The videos have since been deleted, but a group representing the Irish Travelling community has demanded an apology from the 31-year-old.
In the video, Kennedy was asked to explain common Irish slang, in which he used the word “knackered”, an expression used to express tiredness. He caveated that the shortened word was a “bad” term.
“If you call somebody a knacker that’s really bad, really bad, because the knacker is – to the best of my knowledge – is like a horse in the yard that is like dying,” he said.
“But it’s like a classic thing… like if you were sitting at a table and someone took your food, you’d be like: ‘Ah, ya knacker’.”
Dermot Kennedy using “K word” as a demonstration of ‘Irish Slang’ makes me feel so angry and nauseous.
Totally unacceptable ? @DermotKennedy reflect a bit on how this might make Travellers who have this term flung at them everyday might feel to hear you saying this
— Dr John Gilmore (@GilmoreJNurse) June 17, 2023
A knacker is described as “a person whose business is the disposal of dead or unwanted animals, especially those whose flesh is not fit for human consumption”, but has been used as a slur towards member of the travelling community.

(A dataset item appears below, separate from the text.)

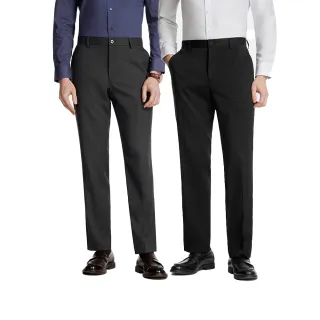 【G2000】可機洗及吸濕排汗功能西裝長褲(6款可選)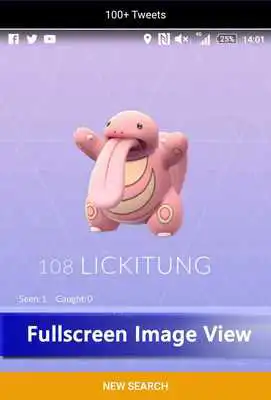 Play Tweets For Pokemon Go Play Tweets For Pokemon Go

The director of the Irish Traveller Movement (ITM) called for an apology from the singer.
“[The ‘K word’] has been used in hate speech towards the Traveller community to degrade and humiliate,” said Bernard Joyce.

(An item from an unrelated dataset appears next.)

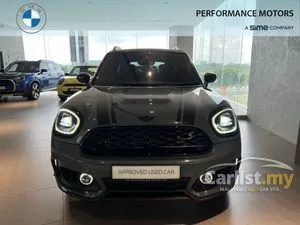 2024 MINI Countryman 2.0 Cooper S SUV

“It’s completely unacceptable and gives offence to our community. Dermot Kennedy should give an apology recognising the hurt and pain this word has inflicted on our community with immediate effect.”
Human rights activist Rose Marie Maughan added:
“Irish society has grown so much in terms of not using racist terms due to the impact they have on marginalised communities, yet the ‘K term’ is used daily regardless how many times Irish Travellers express our pain.
“He must now do the right thing and apologise to us, and in the future use his platform as an ally to us – calling for the end of the last accepted racism in Ireland.”